The magazine was notable for being the first in the world to consistently produce photographs at a successful rate. This was possible with the financial backing of George Desbarats, as well as the invention of half-tone photoengraving by William Leggo called the "Leggotype".
The method was to take a glass plate negative, varnish it and when dry coat it with a thick coating of bichromated gelatin, exposing this to light and then soaking it in water allowing it to swell based on its exposure. While still damp take a stereotype of it and then produce an electrotype from that for printing. Next Leggo patented “Granular photography” in Canada in 1869 and in the US in 1871. It utilized both random dot and line screen halftones. Leggo produced the first halftones in a weekly paper, the Canadian Illustrated News (1869 – 1872) and in a daily paper the New York Daily Graphic in 1873-74. The process was primarily photolithographic, though some examples 1869-1870 are printed in relief.

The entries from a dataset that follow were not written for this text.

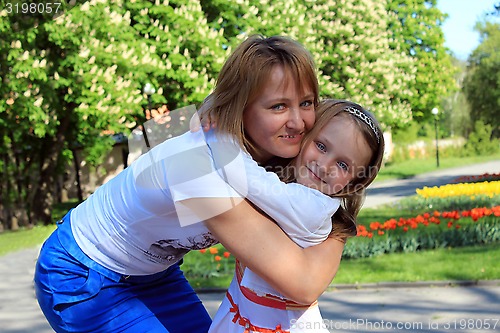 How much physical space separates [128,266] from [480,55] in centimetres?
4610

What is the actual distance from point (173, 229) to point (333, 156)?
0.55 metres

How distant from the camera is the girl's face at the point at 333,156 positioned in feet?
6.63

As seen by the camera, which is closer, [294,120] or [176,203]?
[176,203]

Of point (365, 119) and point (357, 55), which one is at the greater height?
point (365, 119)

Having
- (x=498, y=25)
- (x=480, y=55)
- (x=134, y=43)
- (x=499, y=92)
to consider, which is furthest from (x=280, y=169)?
(x=498, y=25)

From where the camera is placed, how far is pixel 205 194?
174 centimetres

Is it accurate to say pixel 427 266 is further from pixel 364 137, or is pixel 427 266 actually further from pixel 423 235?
pixel 364 137

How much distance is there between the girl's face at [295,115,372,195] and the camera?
2021 mm

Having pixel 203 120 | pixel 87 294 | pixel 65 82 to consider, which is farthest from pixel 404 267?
pixel 65 82

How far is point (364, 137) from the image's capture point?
2059 millimetres

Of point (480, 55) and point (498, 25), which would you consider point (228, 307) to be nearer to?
point (480, 55)

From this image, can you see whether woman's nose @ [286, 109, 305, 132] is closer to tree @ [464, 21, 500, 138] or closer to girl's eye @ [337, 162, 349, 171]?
girl's eye @ [337, 162, 349, 171]

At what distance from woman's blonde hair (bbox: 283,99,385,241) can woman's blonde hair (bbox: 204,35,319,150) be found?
153 mm

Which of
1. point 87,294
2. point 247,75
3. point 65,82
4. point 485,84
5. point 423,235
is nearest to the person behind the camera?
point 247,75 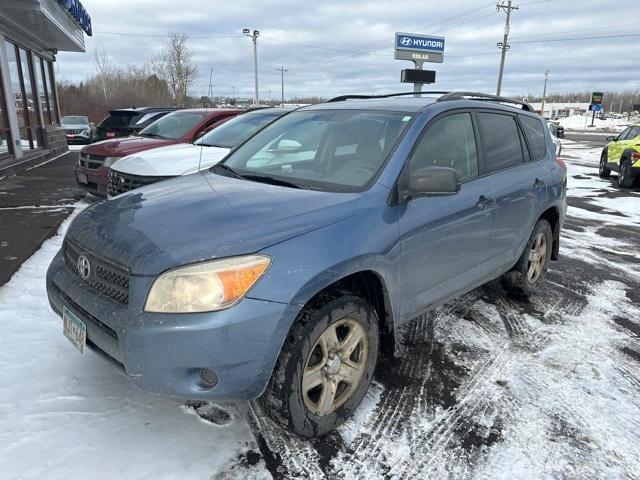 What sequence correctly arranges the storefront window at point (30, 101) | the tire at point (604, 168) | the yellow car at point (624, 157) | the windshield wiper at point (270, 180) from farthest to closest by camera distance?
the tire at point (604, 168) → the storefront window at point (30, 101) → the yellow car at point (624, 157) → the windshield wiper at point (270, 180)

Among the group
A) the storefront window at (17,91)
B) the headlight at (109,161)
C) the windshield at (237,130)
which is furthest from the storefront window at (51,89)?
the windshield at (237,130)

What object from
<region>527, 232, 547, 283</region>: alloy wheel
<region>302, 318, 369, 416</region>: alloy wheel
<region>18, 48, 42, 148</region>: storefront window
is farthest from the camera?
<region>18, 48, 42, 148</region>: storefront window

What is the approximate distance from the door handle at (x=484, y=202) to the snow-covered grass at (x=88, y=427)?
2.15 meters

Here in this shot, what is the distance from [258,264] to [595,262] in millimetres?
5301

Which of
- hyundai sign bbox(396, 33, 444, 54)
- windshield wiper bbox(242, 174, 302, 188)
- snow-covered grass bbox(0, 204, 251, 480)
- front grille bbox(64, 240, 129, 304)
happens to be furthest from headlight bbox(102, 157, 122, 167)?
hyundai sign bbox(396, 33, 444, 54)

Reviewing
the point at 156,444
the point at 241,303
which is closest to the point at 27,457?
the point at 156,444

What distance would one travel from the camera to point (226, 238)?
86.7 inches

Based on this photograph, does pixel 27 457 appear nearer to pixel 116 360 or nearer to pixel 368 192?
pixel 116 360

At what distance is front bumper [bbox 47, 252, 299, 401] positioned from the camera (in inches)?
80.7

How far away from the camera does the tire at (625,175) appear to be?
1214 centimetres

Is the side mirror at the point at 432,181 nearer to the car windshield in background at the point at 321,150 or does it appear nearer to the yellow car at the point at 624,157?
the car windshield in background at the point at 321,150

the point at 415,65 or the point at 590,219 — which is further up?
the point at 415,65

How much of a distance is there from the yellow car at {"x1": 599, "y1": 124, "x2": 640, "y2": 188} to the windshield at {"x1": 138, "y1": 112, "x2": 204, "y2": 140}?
10.6 m

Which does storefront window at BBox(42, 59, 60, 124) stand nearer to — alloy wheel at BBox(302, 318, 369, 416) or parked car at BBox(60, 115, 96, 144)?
parked car at BBox(60, 115, 96, 144) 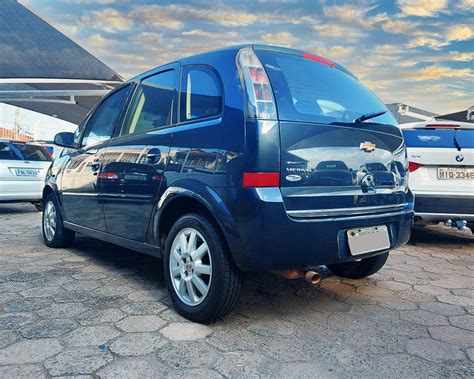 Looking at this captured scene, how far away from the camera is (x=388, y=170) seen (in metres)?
2.71

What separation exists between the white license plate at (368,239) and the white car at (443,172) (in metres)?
2.19

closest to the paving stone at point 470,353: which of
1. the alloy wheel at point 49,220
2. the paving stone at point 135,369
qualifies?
the paving stone at point 135,369

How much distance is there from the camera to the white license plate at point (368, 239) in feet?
7.97

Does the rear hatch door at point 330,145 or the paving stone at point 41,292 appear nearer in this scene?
the rear hatch door at point 330,145

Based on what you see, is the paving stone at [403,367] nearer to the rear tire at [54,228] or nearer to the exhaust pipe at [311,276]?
the exhaust pipe at [311,276]

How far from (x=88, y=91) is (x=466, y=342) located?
56.0 feet

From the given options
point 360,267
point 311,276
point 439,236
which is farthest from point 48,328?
point 439,236

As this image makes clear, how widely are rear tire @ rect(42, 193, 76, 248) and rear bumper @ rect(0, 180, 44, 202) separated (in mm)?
2883

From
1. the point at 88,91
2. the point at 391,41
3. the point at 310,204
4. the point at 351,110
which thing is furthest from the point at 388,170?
the point at 88,91

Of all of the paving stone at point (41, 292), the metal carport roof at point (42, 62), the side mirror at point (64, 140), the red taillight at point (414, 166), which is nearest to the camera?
the paving stone at point (41, 292)

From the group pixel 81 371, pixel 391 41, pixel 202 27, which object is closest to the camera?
pixel 81 371

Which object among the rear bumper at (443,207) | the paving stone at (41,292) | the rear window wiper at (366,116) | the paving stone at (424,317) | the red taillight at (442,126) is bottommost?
the paving stone at (424,317)

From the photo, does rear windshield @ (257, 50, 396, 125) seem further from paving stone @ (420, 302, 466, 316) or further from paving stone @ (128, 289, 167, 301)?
paving stone @ (128, 289, 167, 301)

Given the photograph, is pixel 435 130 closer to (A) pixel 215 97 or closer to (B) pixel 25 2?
(A) pixel 215 97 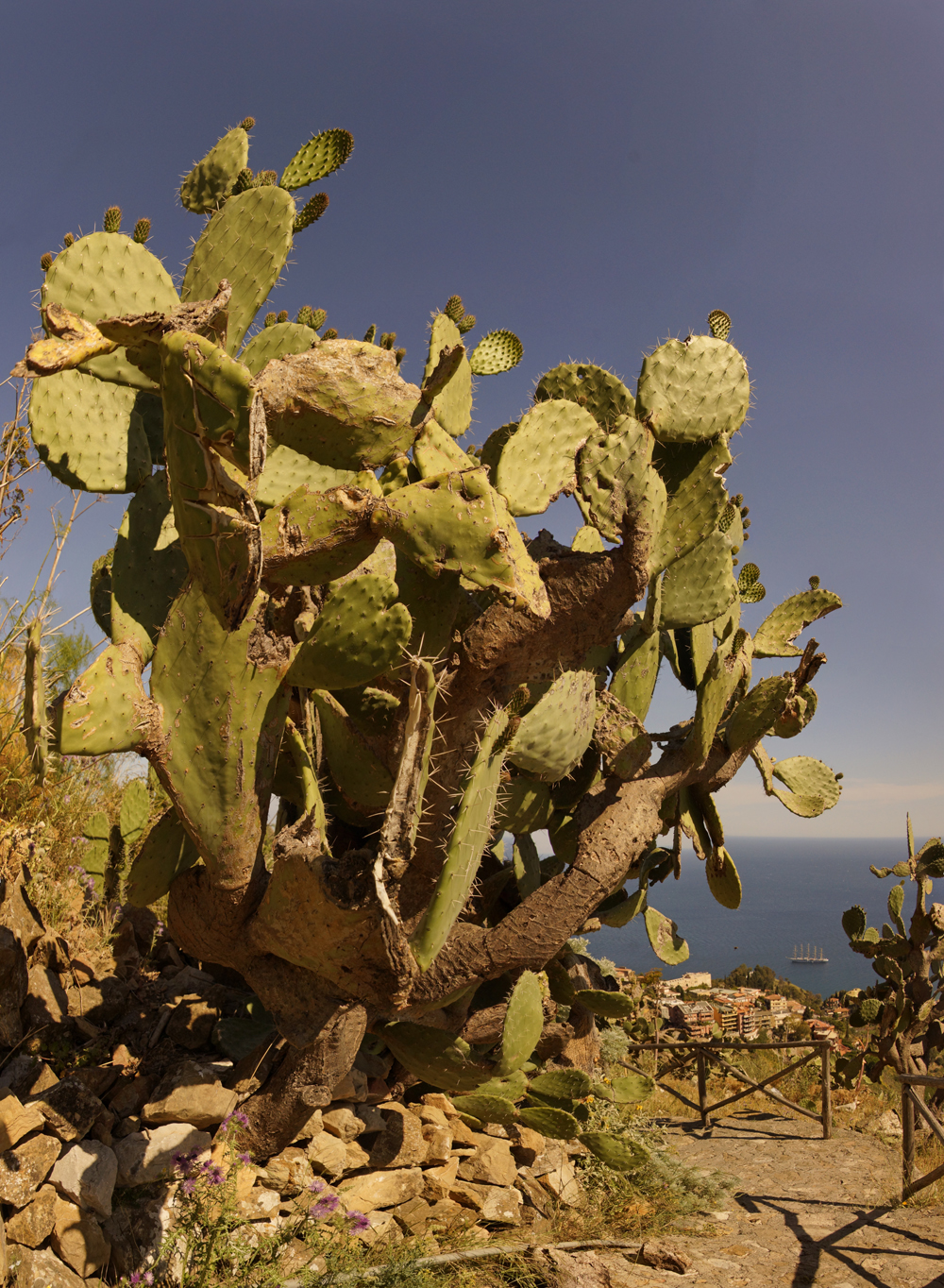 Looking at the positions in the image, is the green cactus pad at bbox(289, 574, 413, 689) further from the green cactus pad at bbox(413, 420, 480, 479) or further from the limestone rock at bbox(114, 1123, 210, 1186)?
the limestone rock at bbox(114, 1123, 210, 1186)

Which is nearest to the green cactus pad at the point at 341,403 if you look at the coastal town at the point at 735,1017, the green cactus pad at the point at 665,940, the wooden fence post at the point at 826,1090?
the green cactus pad at the point at 665,940

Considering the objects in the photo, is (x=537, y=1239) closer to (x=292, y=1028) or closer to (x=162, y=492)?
(x=292, y=1028)

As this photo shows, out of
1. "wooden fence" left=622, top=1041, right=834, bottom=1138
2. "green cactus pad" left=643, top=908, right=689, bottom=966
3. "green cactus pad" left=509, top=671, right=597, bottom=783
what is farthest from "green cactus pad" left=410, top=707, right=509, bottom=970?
"wooden fence" left=622, top=1041, right=834, bottom=1138

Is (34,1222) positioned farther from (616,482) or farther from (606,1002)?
(616,482)

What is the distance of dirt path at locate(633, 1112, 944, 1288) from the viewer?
128 inches

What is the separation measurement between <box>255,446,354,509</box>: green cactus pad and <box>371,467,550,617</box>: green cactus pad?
65cm

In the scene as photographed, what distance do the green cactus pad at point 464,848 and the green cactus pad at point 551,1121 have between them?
152 cm

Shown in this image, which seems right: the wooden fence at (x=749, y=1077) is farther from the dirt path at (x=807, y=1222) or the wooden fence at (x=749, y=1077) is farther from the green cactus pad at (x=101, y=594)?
the green cactus pad at (x=101, y=594)

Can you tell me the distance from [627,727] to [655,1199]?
95.8 inches

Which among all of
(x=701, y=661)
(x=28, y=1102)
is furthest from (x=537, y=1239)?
(x=701, y=661)

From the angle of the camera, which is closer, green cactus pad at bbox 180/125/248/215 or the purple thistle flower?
the purple thistle flower

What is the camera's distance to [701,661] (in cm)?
404

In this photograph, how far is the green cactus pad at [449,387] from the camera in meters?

From the US patent of 1871 “By these improvements I produce a new style of photograph, in which the gradations of light and shade of the picture are shown in granulation, in lines and dots instead of the usual unbroken shades of greater or lesser intensity. This style of photograph I use in the manufacture of Leggotypes from natural objects, from mezzotints, from brush, stump, pencil, and other drawings, and prints such as not already composed of lines and dots. I further employ this style of photograph in the manufacture of transfers for zinc, stone, from subjects of the above-mentioned classes. To make a granulated positive I copy, by known photographic manipulation, an ordinary photographic negative, combined with a granulated plate of known or ordinary construction. The two being placed together act as one plate. From a positive so made I produce, by the art of Leggotyping, a surface-printing type, capable of being printed from in any type printing press.” Leggotypes in 1871 were 90 lines per inch. The 1872 halftones varied between 120 and 133 lines per inch. In 1873 they were 100 lines per inch. Planographic / Relief Leggo also used his line screen to create toned areas on art work, in a similar manner as Ben-Day Dots as early as 1870.